2 juillet 2013

Question de la semaine: Pourquoi les enfants pleurent-ils lorsqu'ils sont fatigués?

Cette semaine, je réponds à la question de Claire Colin: "Pourquoi pleure-t-on quand on est fatigué ? Particulièrement vrai chez les enfants d'ailleurs..."

Après un après-midi sans sieste, votre petit dernier s'effondre en pleurs en apprenant que son verre bleu est sale et qu'il devra boire dans un verre rouge. Même la promesse de lait au chocolat ne parvient pas à le consoler. Il s'agit d'une situation que tous les parents ont vécu un jour ou l'autre. La perte de sommeil est en effet reconnue pour amplifier les sentiments négatifs lors d'un évènement dérangeant et pour diminuer l'attrait des récompenses ou des activités stimulantes.

En fait, autant chez l'adulte que chez l'enfant, la privation continuelle de sommeil est associée à l'instabilité émotionnelle et aux troubles de la personnalité. La plupart des experts s'entendent d'ailleurs pour dire que presque tous les troubles de l'humeur ont un lien avec les problèmes de sommeil. La cause de cette observation a un nom: le système limbique.

Le système limbique est une portion du cerveau qui est responsable des nombreuses émotions que nous connaissons et de leur régulation. Il est composé, entre autres, du corps amygdaloïde. Les chercheurs ont remarqué que le mauvais fonctionnement du corps amygdaloïde était associé à l'anxiété et à la dépression.

Mais quel est le lien entre celui-ci et le sommeil? Des chercheurs ont remarqué que lors d'une bonne nuit de sommeil, l'activité du corps amygdaloïde diminue. Au contraire, lorsqu'une personne manque de sommeil, cette activité demeure élevée. Le corps amygdaloïde devient alors beaucoup plus réactif aux évènements négatifs.
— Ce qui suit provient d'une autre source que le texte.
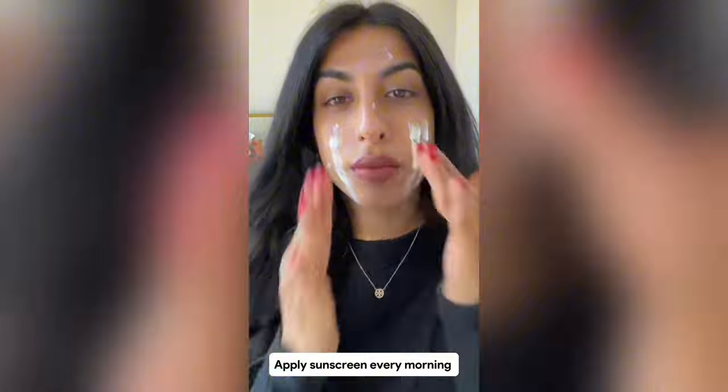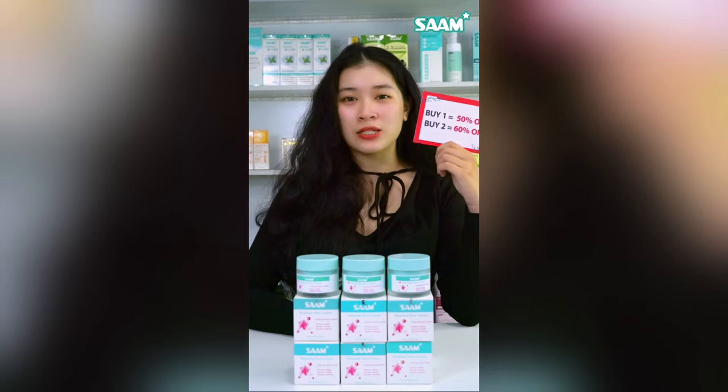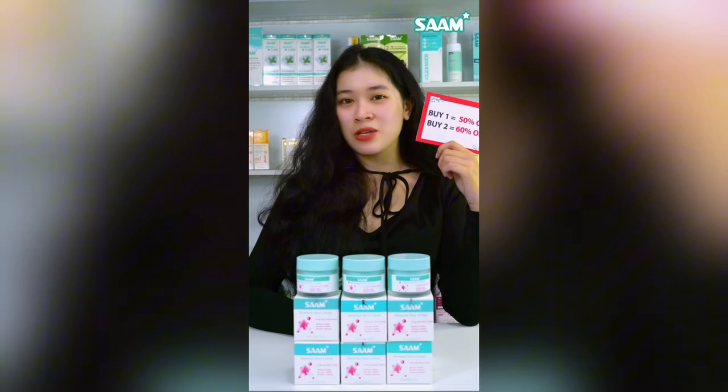Besides, apply sunscreen every morning before going out to protect your skin from sunlight. This is the perfect product set to remove hyperpigmentation problems such as brown spots and freckles. Buy today because both products are 50% off.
En d'autres termes, lorsque nous sommes fatigués, notre cerveau émotionnel réagit plus rapidement et plus fortement qu'il ne le devrait.
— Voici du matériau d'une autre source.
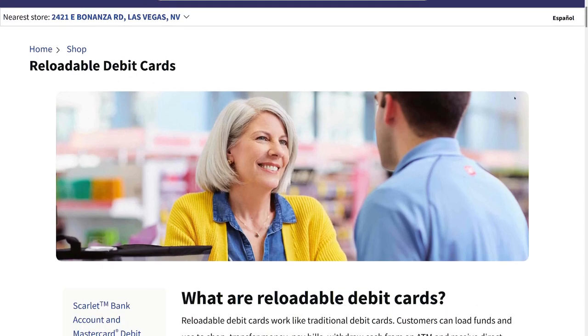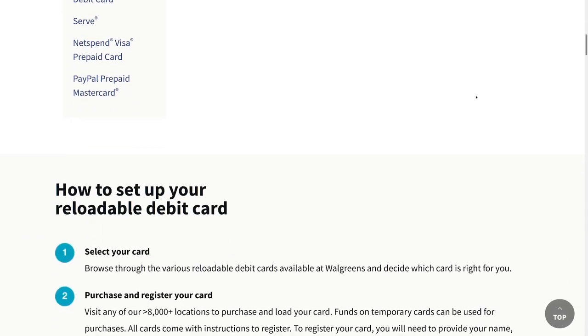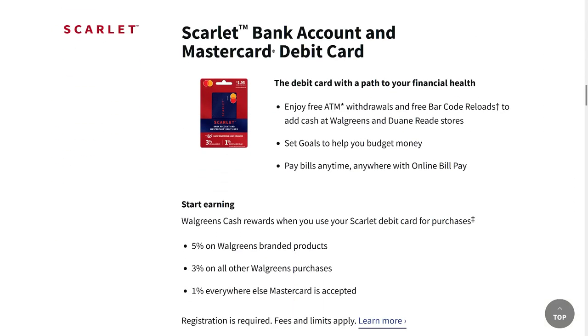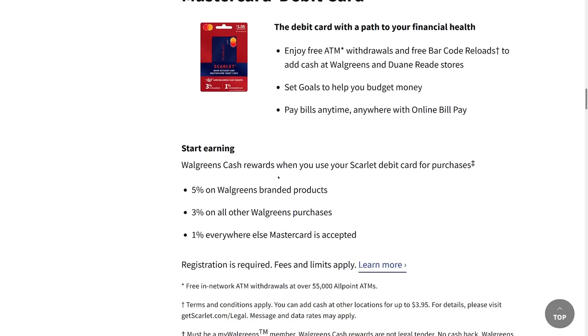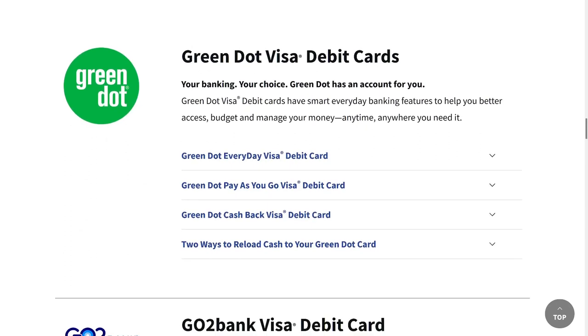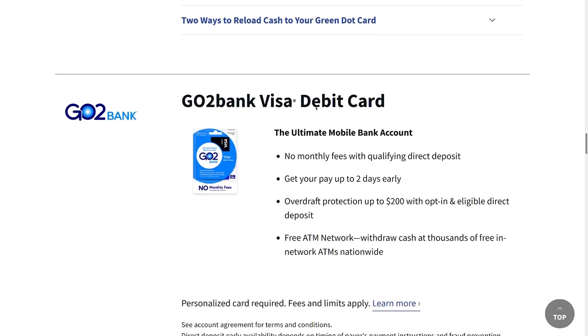Walgreens also sells these debit cards and actually has a better selection of reloadable debit cards than Walmart because they include the PayPal option. You'd be better off getting them online since signing up for the Walmart card online has no fee, but buying it in store costs $1. The Walgreens version costs $1.95 in store and pays no interest — it's just a debit card with a discount on their products. There's another Green Dot one here similar to the Walmart one, but not as good as far as paying interest.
De plus, le repos permet d'établir une bonne connexion entre le corps amygdaloïde et le cortex préfrontal. Le cortex préfrontal est la zone du cerveau responsable du jugement et de la logique. Il étend ses projections jusqu'au corps amygdaloïde. Il peut donc contrôler l'activité de celui-ci. Cependant, lors d'un manque de sommeil, ces connections ne sont plus aussi efficaces.

En résumé, lorsque nous sommes fatigués, le corps amygdaloïde devient hyperactif avec les résultats qu'on connaît. Bien que ces conclusions aient été tirées à partir d'expériences conduites chez les adultes, le même mécanisme peut s'appliquer aux enfants. De plus, sachant que les enfants ont un plus grand besoin de sommeil et que leur cerveau est encore immature, on peut supposer que l'effet est plus marquant.
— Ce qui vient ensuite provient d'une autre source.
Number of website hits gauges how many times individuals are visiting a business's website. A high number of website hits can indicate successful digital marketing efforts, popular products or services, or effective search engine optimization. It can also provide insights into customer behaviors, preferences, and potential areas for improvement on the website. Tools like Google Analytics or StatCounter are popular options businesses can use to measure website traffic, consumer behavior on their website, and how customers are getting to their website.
Des études ont d'ailleurs démontré que le manque de sommeil chez l'enfant était associé à des difficultés au niveau du cortex préfrontal (fonctionnement exécutif), des noyaux basaux (anticipation des récompenses) et du corps amygdaloïde (réactivité émotionnelle).

En conclusion, le manque de sommeil chez un enfant peut être responsable de certaines crises de pleurs en raison de l'hyperactivité du corps amygdaloïde. Cependant, rien qu'une bonne nuit de sommeil ne peut arranger.

Tous les lundis, je réponds à une question des lecteurs sur la périnatalité. Il y a quelque chose que vous auriez toujours aimé savoir concernant la grossesse, l'accouchement, l'allaitement ou le développement de l'enfant? Écrivez-moi à info@mamaneprouvette.com et je tenterai de trouver la réponse.

Références:
Marieb, Elaine N. (2008) Biologie humaine, 2éd., Montréal: Éditions du Renouveau Pédagogique.

van der Helm E, Yao J, Dutt S, Rao V, Saletin JM, Walker MP. (2011) REM sleep depotentiates amygdala activity to previous emotional experiences. Curr Biol. 6;21(23):2029-32. doi: 10.1016/j.cub.2011.10.052. Epub 2011 Nov 23.

Walker MP. (2009) The role of sleep in cognition and emotion. Ann N Y Acad Sci. 1156:168-97. doi: 10.1111/j.1749-6632.2009.04416.x.

Maski KP, Kothare SV. (2013) Sleep Deprivation and Neurobehavioral Functioning in Children. Int J Psychophysiol. 2013 Jun 21. pii: S0167-8760(13)00190-6. doi: 10.1016/j.ijpsycho.2013.06.019.